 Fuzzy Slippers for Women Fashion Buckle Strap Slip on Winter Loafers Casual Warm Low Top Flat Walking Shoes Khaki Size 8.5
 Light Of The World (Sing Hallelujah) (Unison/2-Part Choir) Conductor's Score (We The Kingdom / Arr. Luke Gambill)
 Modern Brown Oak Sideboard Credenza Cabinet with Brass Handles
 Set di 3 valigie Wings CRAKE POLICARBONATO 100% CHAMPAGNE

---

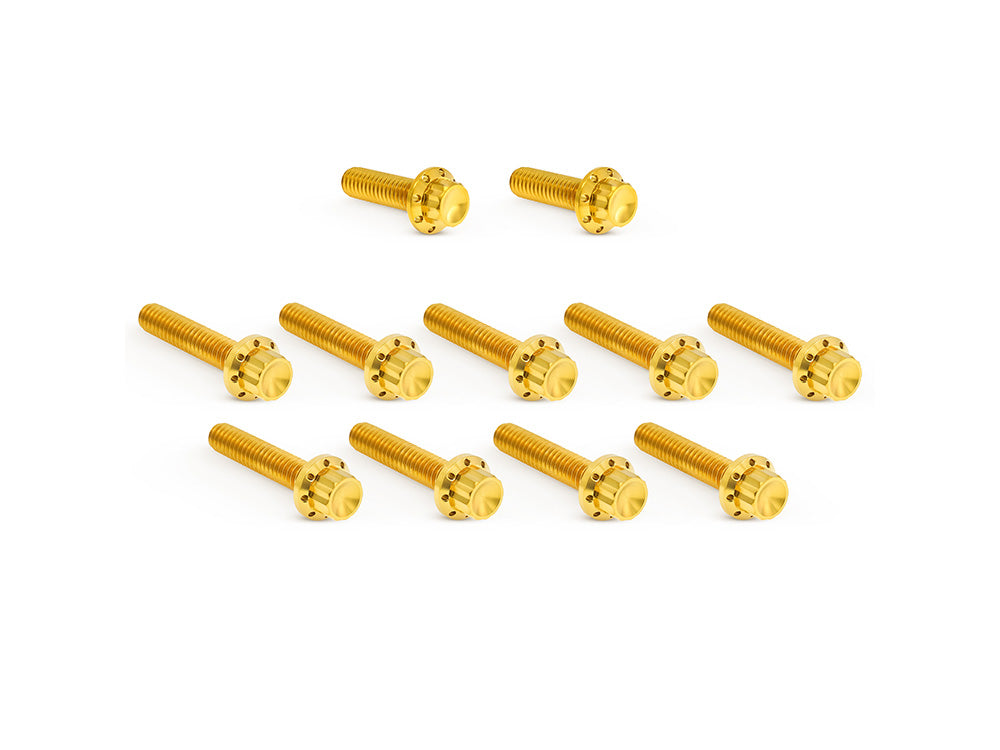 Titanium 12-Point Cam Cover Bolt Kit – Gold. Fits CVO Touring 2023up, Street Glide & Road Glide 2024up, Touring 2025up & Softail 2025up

...

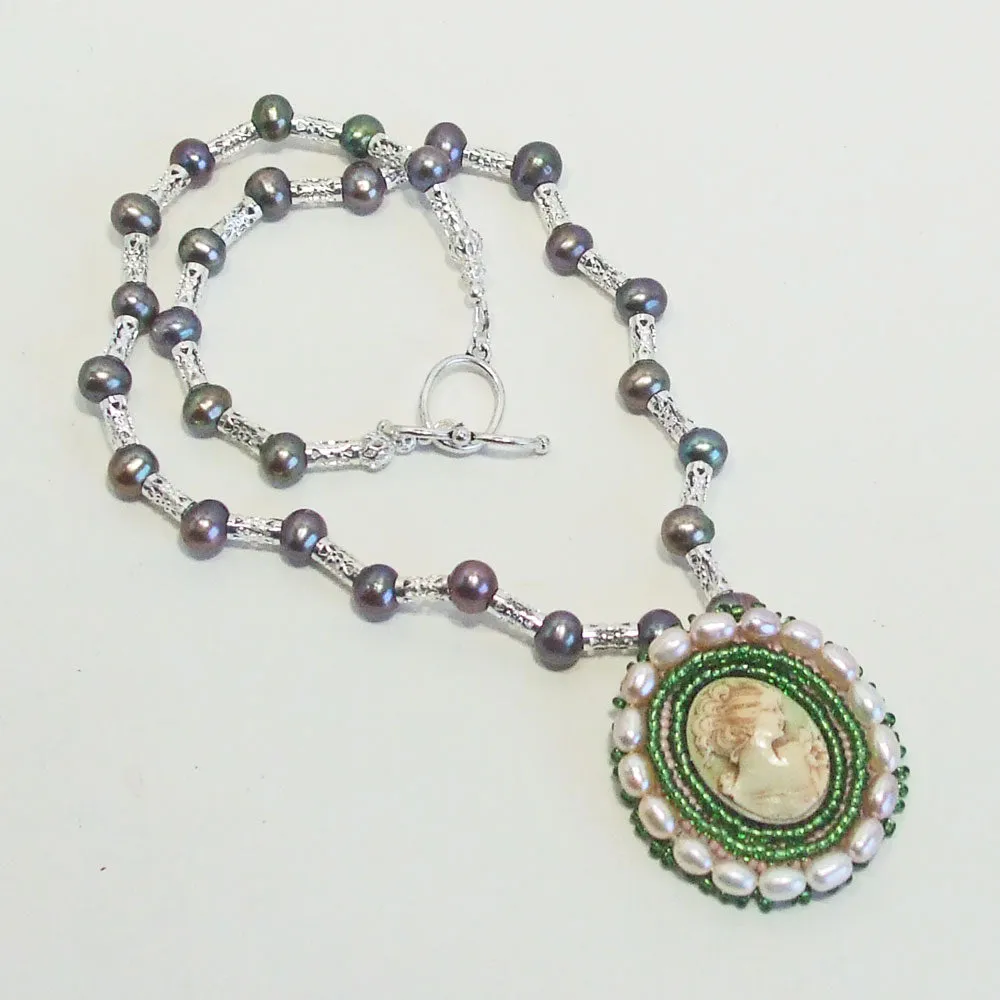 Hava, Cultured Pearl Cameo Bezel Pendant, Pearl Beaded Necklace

EXERCISE DIRECTIONS: Nothing should appear in the answer except the lines above from the line with "Fuzzy Slippers for" through the line with "Set di 3 valigie", both included, written out exactly.

TASK RESULT:
 Fuzzy Slippers for Women Fashion Buckle Strap Slip on Winter Loafers Casual Warm Low Top Flat Walking Shoes Khaki Size 8.5
 Light Of The World (Sing Hallelujah) (Unison/2-Part Choir) Conductor's Score (We The Kingdom / Arr. Luke Gambill)
 Modern Brown Oak Sideboard Credenza Cabinet with Brass Handles
 Set di 3 valigie Wings CRAKE POLICARBONATO 100% CHAMPAGNE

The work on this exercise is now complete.